Artificial intelligence takes the highway to technological advancements as Google makes TensorFlow open source. TensorFlow was used by Google in many of the features and Google products. Some examples are Google Photos which return results to you by recognizing a place or objects in a photograph. Google’s voice recognition app and Google translate are other products that use TensorFlow.
How does it Work?
TensorFlow is an advanced version of DistBelief which was created by Google in 2011. DisBelief used machine learning to identify pictures by looking for certain characteristics in the photo. TensorFlow does the same thing but it moves step by step from one node to another gathering enough information for the identification of the photo.
Open sourcing such technology can make it easy for developers to come up with innovative ways of using the TensorFlow. In addition to this, Google explains that the technology is at its prime and needs to be developed further. By making TensorFlow open source, Google intends to enhance the use of this machine learning toolbox by making it available for anyone who can put it to use.

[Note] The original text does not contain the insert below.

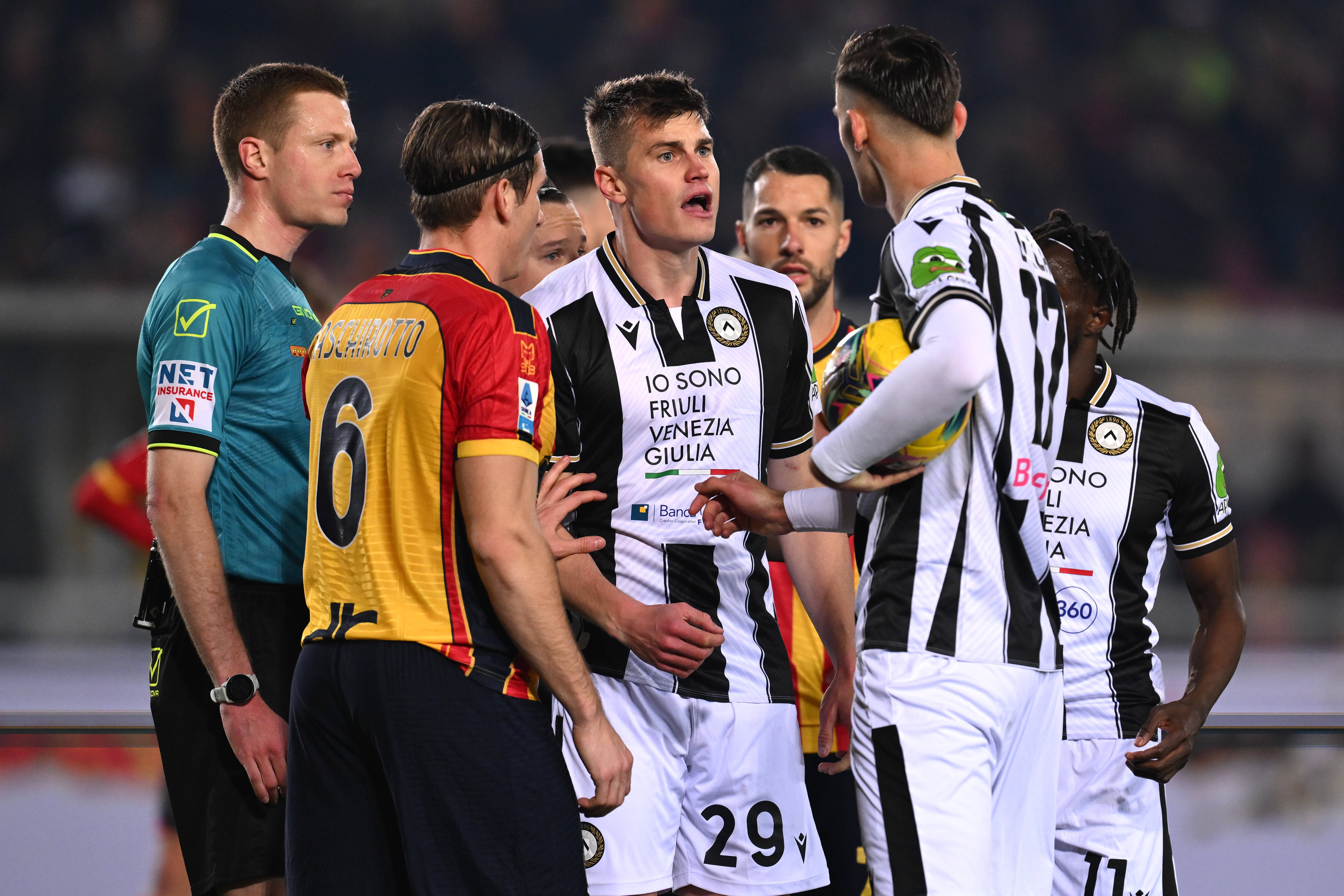 kaiyun-窗口期意甲焦点战,瓦伦西亚豪取连胜,赛场秩序良好,身体对抗强度拉满-kaiyun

TensorFlow can be used by anyone who can express their computation as a data flow graph. Google provides many helpful subgraphs which are quite common in neural networks, but if you choose to put together your own subgraphs then you can do that as well. The flexibility of TensorFlow makes it easy for you to innovate around the tool so that you can come up with a satisfactory outcome.
TensorFlow can be used on your laptop without the need of special hardware, you can also run it on GPUs, desktops and servers. The ability of TensorFlow to work on different platforms without any change in codes makes it easy for you to play around with it especially when you want to run it on different devices.
Smooth Transition from Research to Production
Earlier it was a great step to move from the research phase to production, but Google simplifies the entire process. With TensorFlow it is easy to transition an idea into a product and bring it to the users. Researchers and developers find this to be easier and smoother. By connecting research and production, Google adds more value to TensorFlow.
The auto differentiation capabilities of TensorFlow are great for gradient based machine learning algorithms. You can define the computational architecture of your model and then combine it with your objective function and finally add data to it. Once this is done, TensorFlow will automatically compute the derivatives for you. You can check what is happening as your graph extends when the derivatives are being computed.
TensorFlow is mainly C++ with a significant amount of Python. Google plans to bring more languages to the TensorFlow later. For now, you can write in Python and C++.
TensorFlow makes the mode of the hardware you are using. This means that if you have a great system then TensorFlow is going to optimize the use of your system.
Google has made TensorFlow open source giving everyone an opportunity to play with this machine learning tool. Google has provided this tool to the public so that innovative minds can explore the uses of TensorFlow and come up with more ideas for it. The company plans to work on TensorFlow to make it better. By opening it to the public, Google wants to create an open source community where it can receive feedback on TensorFlow and also have contributions from other researchers in order to make TensorFlow better and more efficient.
TensorFlow is easy to use and it is well-tested because Google has already used it in many of its products. The results have been satisfactory which means TensorFlow can produce positive outcome for those who plan to use it. The many features of TensorFlow make it great for developers. The fact that Artificial Intelligence is an area that needs to be explored further, developers and researchers have the chance to utilize this opportunity that is being provided by Google. TensorFlow can make development of AI technology much smoother. This means that we may see tools and apps are coming up which utilize the unique TensorFlow.